- What the task asks -
The answer must consist only of the lines in the records below from the line with "If you cover up this" to the line with "I saw this question", both included, copied word for word with every picture left out.

Start of Data extracts

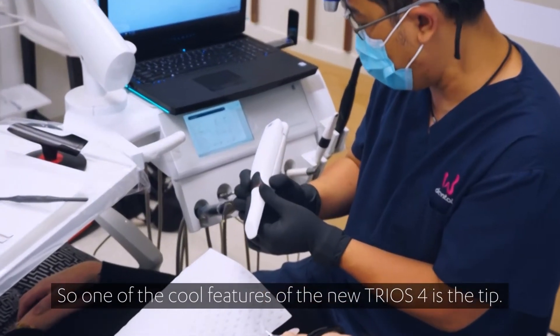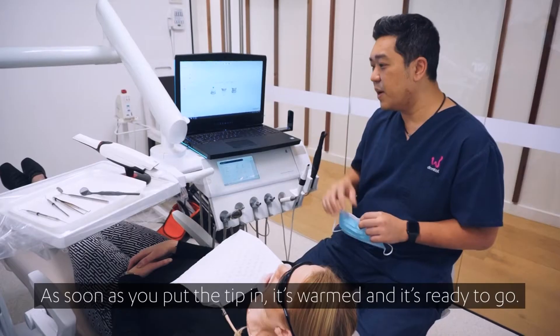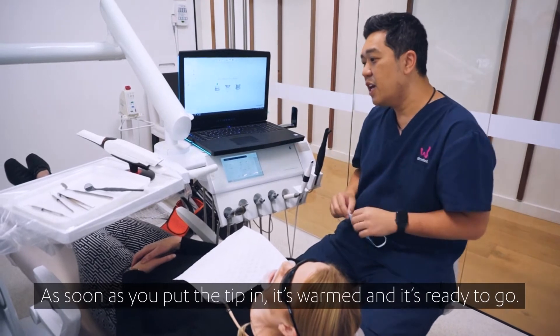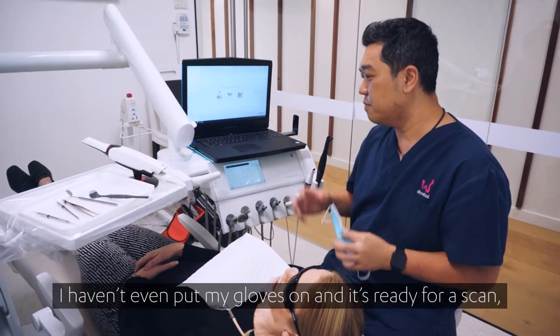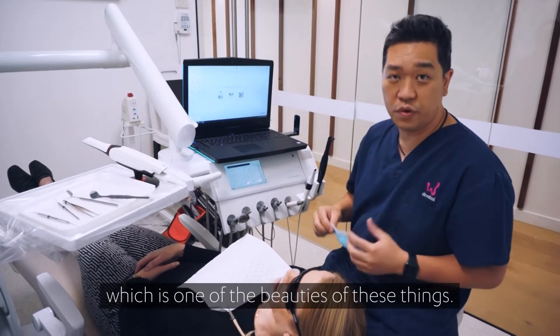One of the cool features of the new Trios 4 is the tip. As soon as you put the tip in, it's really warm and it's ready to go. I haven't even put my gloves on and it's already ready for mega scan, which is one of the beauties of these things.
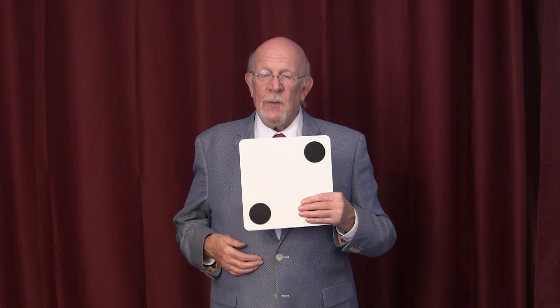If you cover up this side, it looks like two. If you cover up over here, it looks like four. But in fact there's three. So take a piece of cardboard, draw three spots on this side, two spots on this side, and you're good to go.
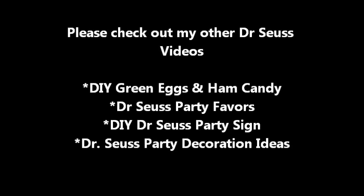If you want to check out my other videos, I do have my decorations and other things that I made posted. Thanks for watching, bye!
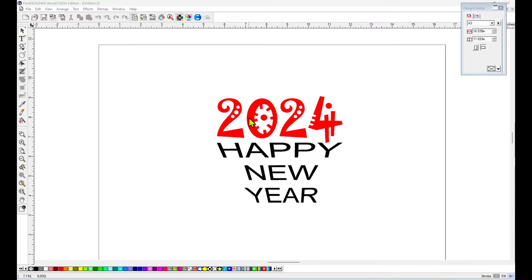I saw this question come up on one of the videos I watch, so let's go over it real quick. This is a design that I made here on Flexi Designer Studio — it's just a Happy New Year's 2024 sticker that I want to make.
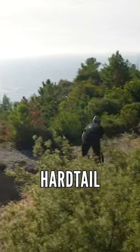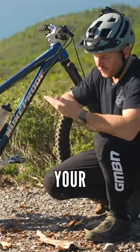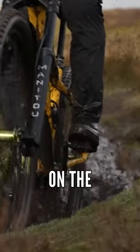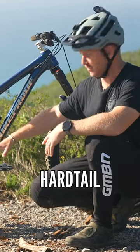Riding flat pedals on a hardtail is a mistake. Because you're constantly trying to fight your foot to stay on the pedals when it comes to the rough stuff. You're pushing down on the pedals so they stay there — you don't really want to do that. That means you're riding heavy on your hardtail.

End of Data extracts
Start of Data extracts

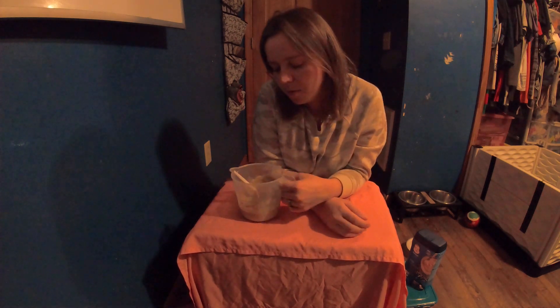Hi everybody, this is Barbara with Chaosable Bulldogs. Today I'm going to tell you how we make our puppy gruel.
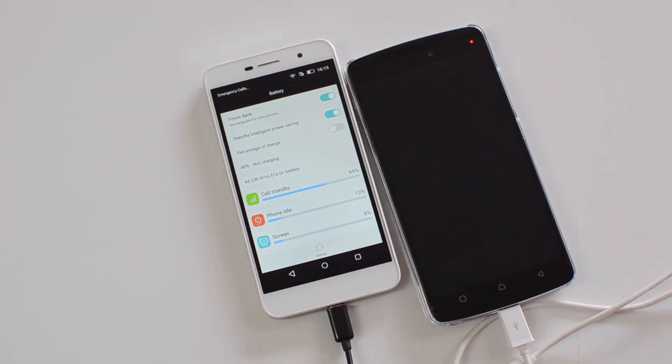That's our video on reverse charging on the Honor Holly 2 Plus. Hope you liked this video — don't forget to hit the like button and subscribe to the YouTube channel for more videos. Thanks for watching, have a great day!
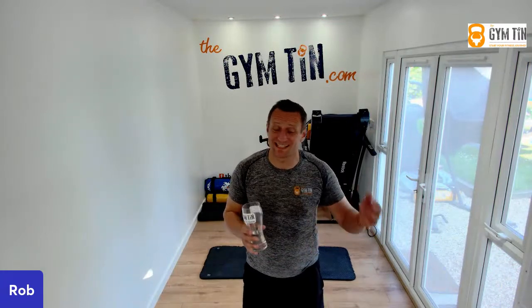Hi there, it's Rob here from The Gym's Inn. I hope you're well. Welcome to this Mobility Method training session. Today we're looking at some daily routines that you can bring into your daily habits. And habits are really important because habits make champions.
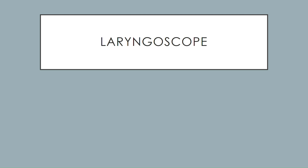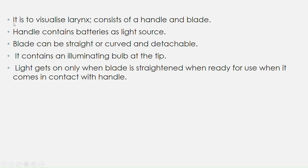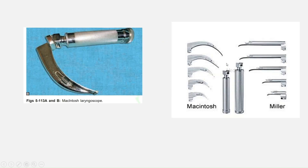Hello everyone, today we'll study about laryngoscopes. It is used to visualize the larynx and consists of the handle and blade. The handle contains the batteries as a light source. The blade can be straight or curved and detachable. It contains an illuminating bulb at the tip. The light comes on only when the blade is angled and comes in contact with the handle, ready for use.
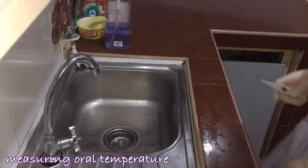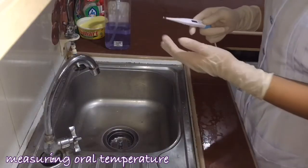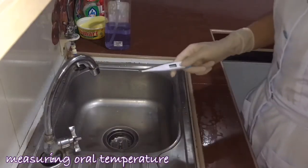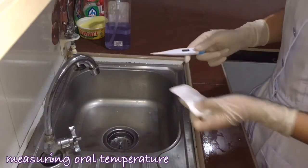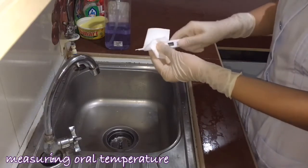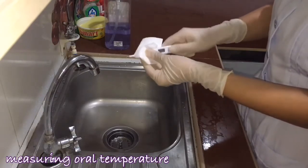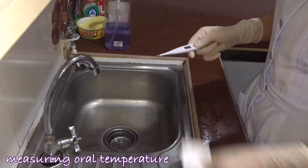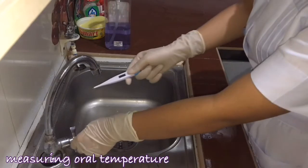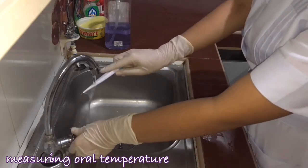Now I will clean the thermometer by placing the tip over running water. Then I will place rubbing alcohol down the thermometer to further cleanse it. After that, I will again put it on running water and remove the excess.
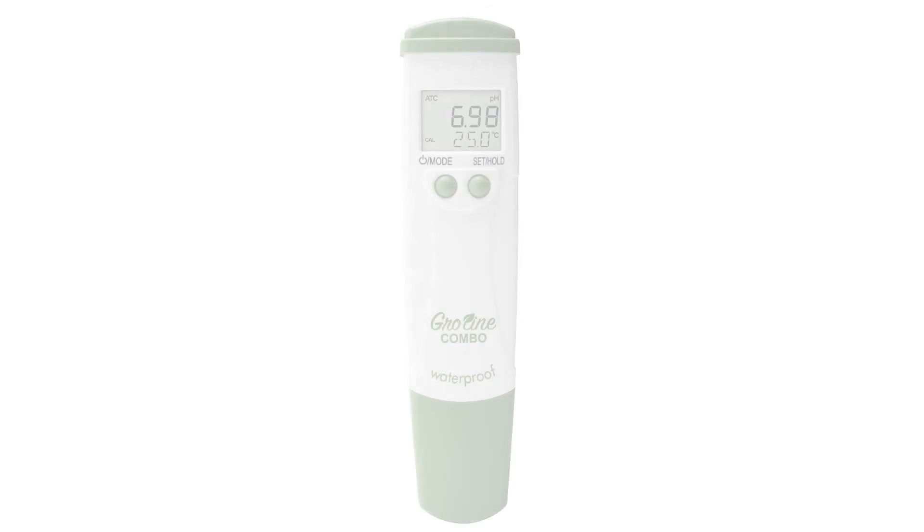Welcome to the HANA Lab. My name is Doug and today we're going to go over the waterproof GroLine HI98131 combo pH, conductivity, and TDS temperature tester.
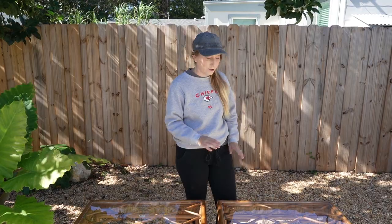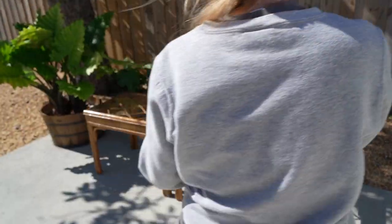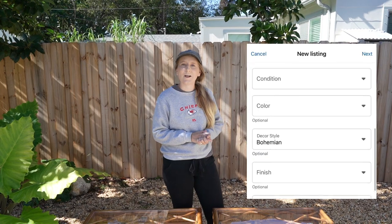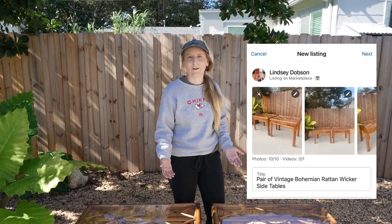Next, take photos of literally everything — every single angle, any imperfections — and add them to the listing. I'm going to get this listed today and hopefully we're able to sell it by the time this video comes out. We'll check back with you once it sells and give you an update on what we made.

End of Data extracts
Start of Data extracts

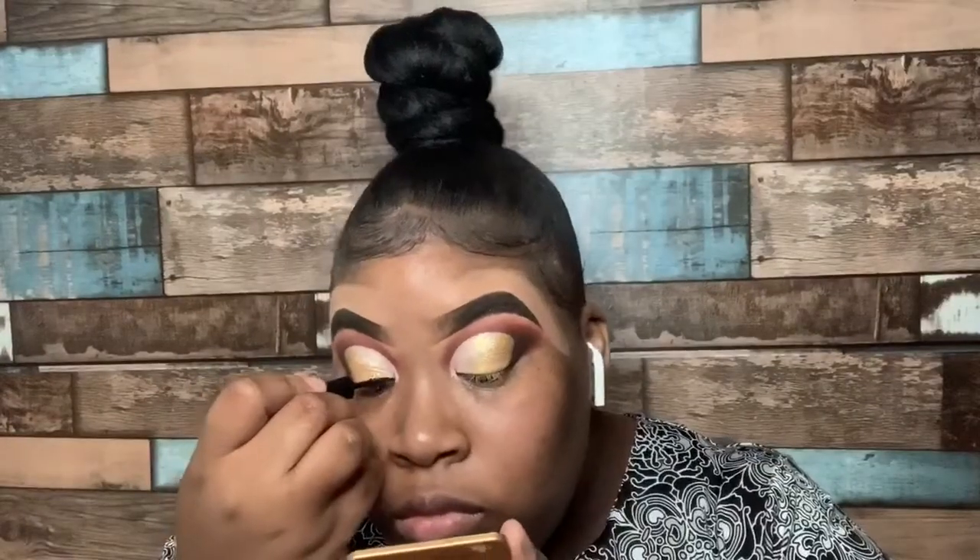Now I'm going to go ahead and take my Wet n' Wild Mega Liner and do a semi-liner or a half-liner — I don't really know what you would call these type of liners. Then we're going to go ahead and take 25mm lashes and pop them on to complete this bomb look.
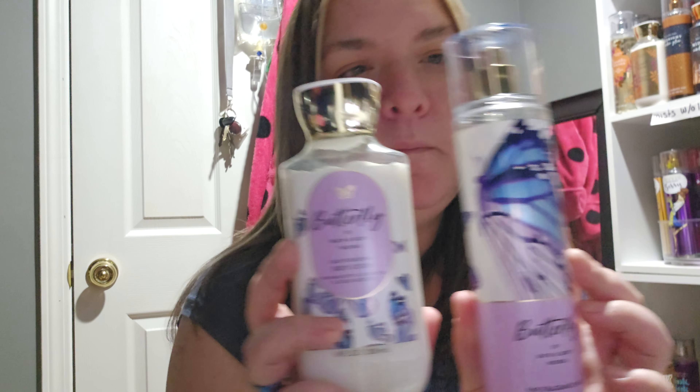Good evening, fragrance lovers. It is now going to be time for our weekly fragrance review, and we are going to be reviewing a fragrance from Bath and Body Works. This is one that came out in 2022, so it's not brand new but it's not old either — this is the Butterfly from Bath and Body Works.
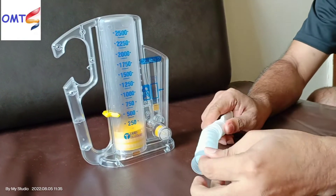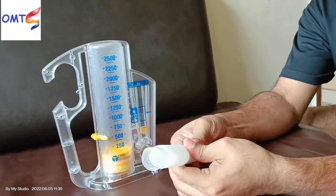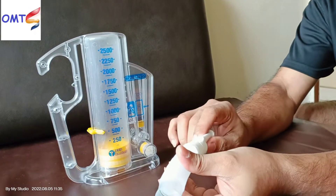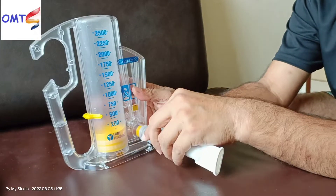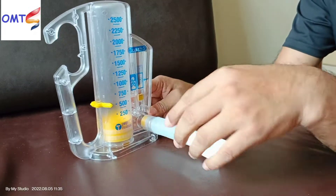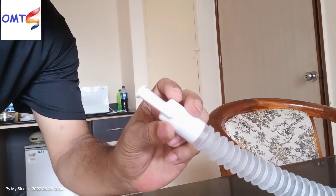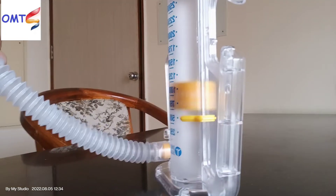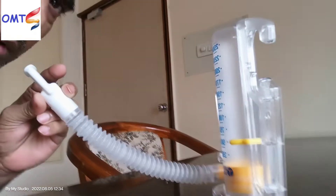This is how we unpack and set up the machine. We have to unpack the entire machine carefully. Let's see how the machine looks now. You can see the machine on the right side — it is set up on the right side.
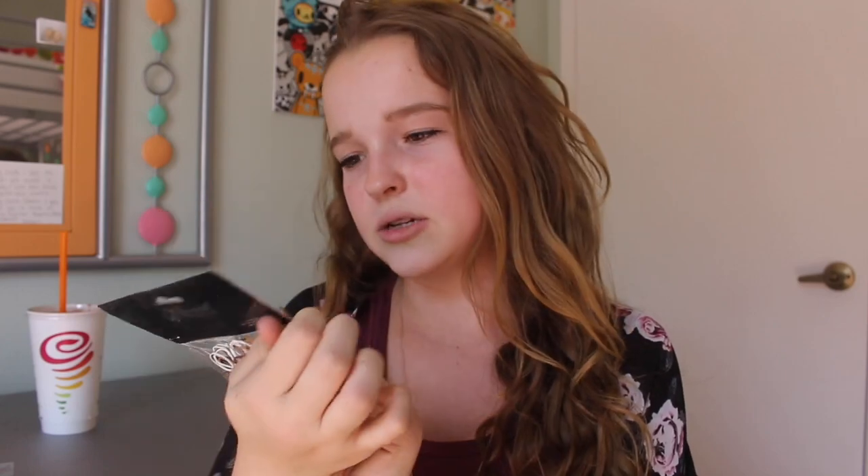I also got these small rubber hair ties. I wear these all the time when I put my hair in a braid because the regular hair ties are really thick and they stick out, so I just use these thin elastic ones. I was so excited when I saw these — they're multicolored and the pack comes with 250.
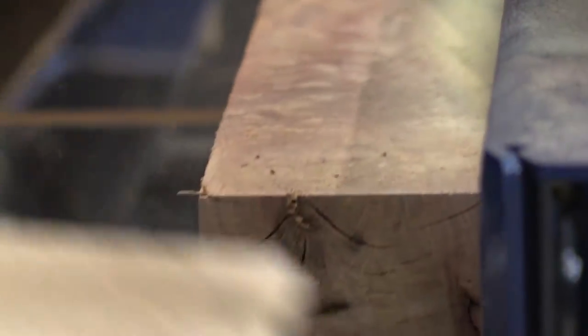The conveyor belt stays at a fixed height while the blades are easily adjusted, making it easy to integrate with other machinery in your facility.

End of Data extracts

- Task solution -
If you cover up this side, it looks like two. If you cover up over here, it looks like four. But in fact there's three. So take a piece of cardboard, draw three spots on this side, two spots on this side, and you're good to go.
If you want to check out my other videos, I do have my decorations and other things that I made posted. Thanks for watching, bye!
I saw this question come up on one of the videos I watch, so let's go over it real quick. This is a design that I made here on Flexi Designer Studio — it's just a Happy New Year's 2024 sticker that I want to make.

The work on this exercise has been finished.